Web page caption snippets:
------
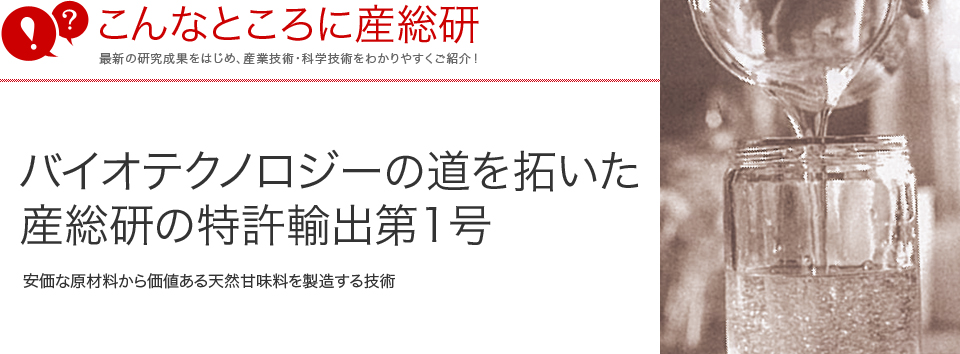 こんなところに産総研　バイオテクノロジーの道を拓いた産総研の特許輸出第1号 安価な原材料から価値ある天然甘味料を製造する技術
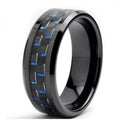 Anel Tungstenio Preta com Fibra De Carbono Azul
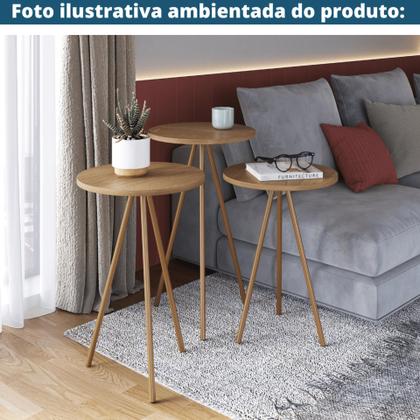 Imagem de Mesa Lateral Redonda Artesano 48,5 cm (altura) em MDP Hanover Estrutura Metálica em Aço Dourado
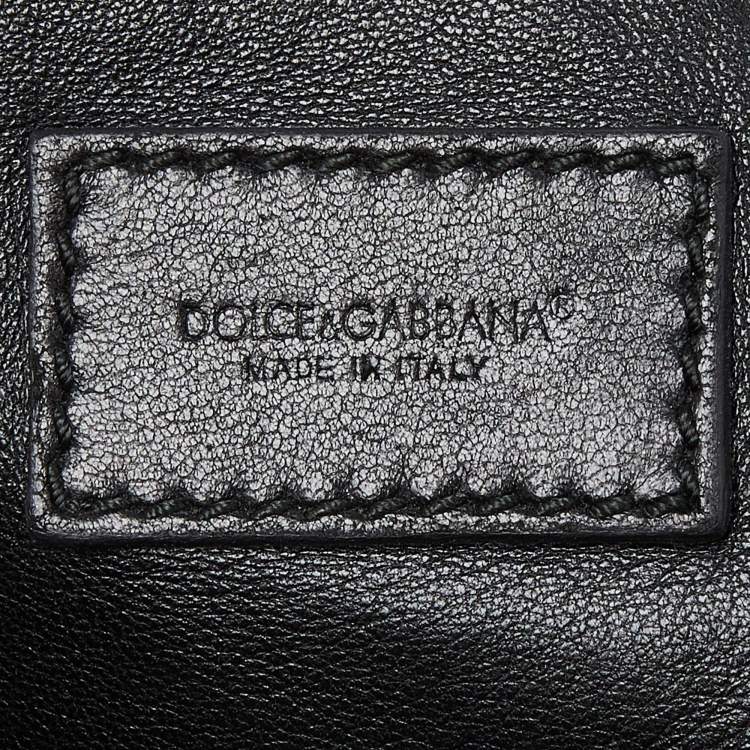 Pre Owned Dolce & Gabbana Black Mesh and Leather Open Tote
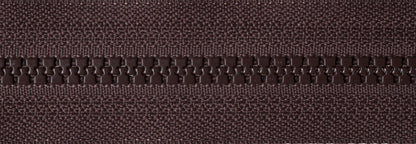 Brown YKK Vislon reversible open end zip with chunky plastic teeth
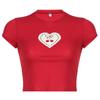 T-shirt imprimé Cherry Love pour femmes Spice Girls, pull à col rond, bas slim, hauts courts, printemps été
------
◆ **YOUR OBJECTIVE**
Would you write out an exact copy of the entries above, with no images?

◆ **EXERCISE SOLUTION**
 こんなところに産総研　バイオテクノロジーの道を拓いた産総研の特許輸出第1号 安価な原材料から価値ある天然甘味料を製造する技術
 Anel Tungstenio Preta com Fibra De Carbono Azul
 Imagem de Mesa Lateral Redonda Artesano 48,5 cm (altura) em MDP Hanover Estrutura Metálica em Aço Dourado
 Pre Owned Dolce & Gabbana Black Mesh and Leather Open Tote
 Brown YKK Vislon reversible open end zip with chunky plastic teeth
 T-shirt imprimé Cherry Love pour femmes Spice Girls, pull à col rond, bas slim, hauts courts, printemps été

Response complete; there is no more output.